Within that context, Hill and Khanem (2009) set out to measure performance on crossing tasks across the three conditions of QHP (pointing, reaching, and posting) to see if performance is consistent across time and across conditions, which has not been studied in the past. The authors set out to accomplish three aims with this study: first, to replicate or validate findings of an earlier age-related experiment on hand preference using the QHP reaching task, and second, to test the effect of altered task demands (independent variable) on the strength of hand preference (dependent variable) in that same younger age group.

The authors achieved the first purpose, replicating the results of Carlier et al. (2006). With respect to the second purpose, the authors found significant results in how altered task demands affected strength of hand preference in between the reaching vs. pointing and pointing vs. posting tasks. Hill and Khanem (2009) also noted an effect of distance from the midline as an explanatory factor in crossing the midline with the preferred hand. All in all, the results the authors achieved by using the QHP to look at handedness preferences on the part of children revealed a great deal of difference between children’s actual preferences and the hand preferences that their parents rated on an initial questionnaire on their behalf.

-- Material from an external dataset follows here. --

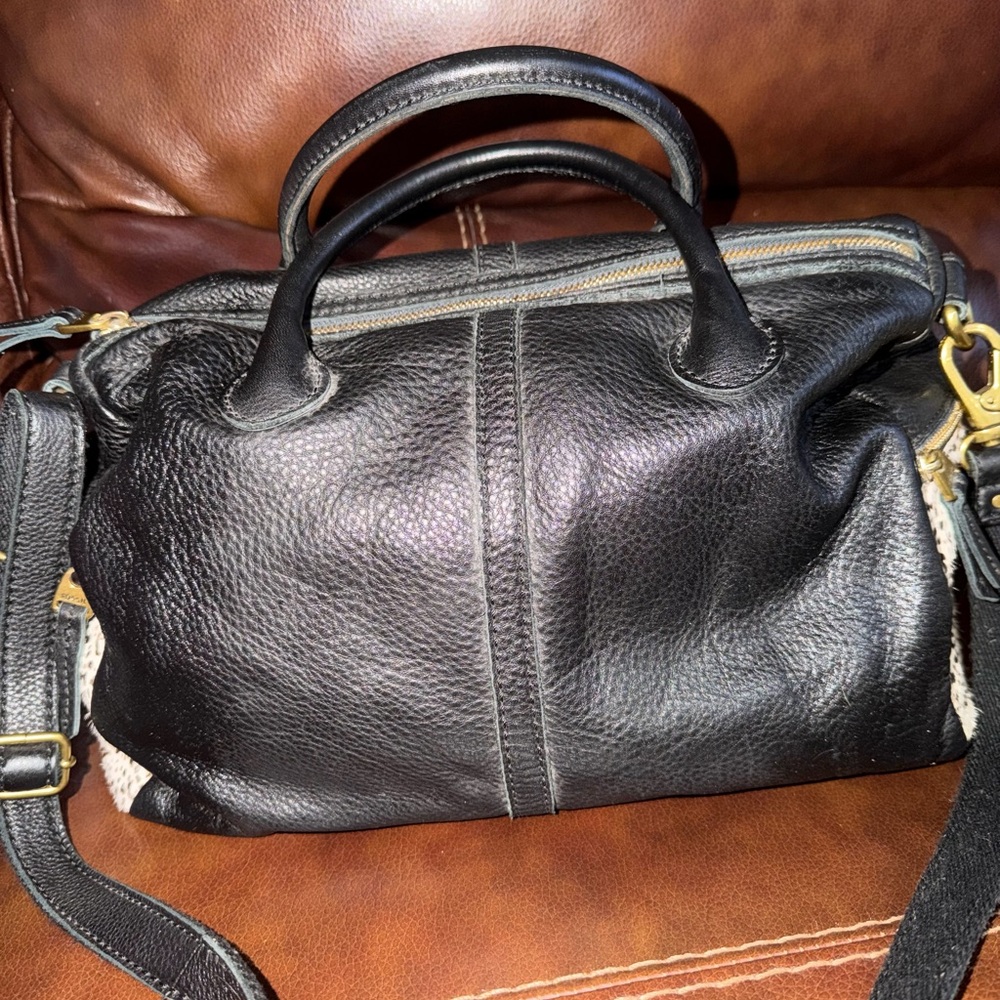 Fossil Black Leather Handbag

While the majority was rated as strongly right-handed, this result did not obtain in the actual QHP task conditions. The authors also allude to a third purpose of this study, which was to investigate the relationship between peg-moving skill and strength of hand preference. As an assessment of manual dexterity, peg-moving skill (and motor maturity in general) is statistically correlated with stronger hand preference. While the authors discovered that peg-moving skill was predictive of a strong hand preference, the speed with which subjects moved the pegs was not predictive of hand preference.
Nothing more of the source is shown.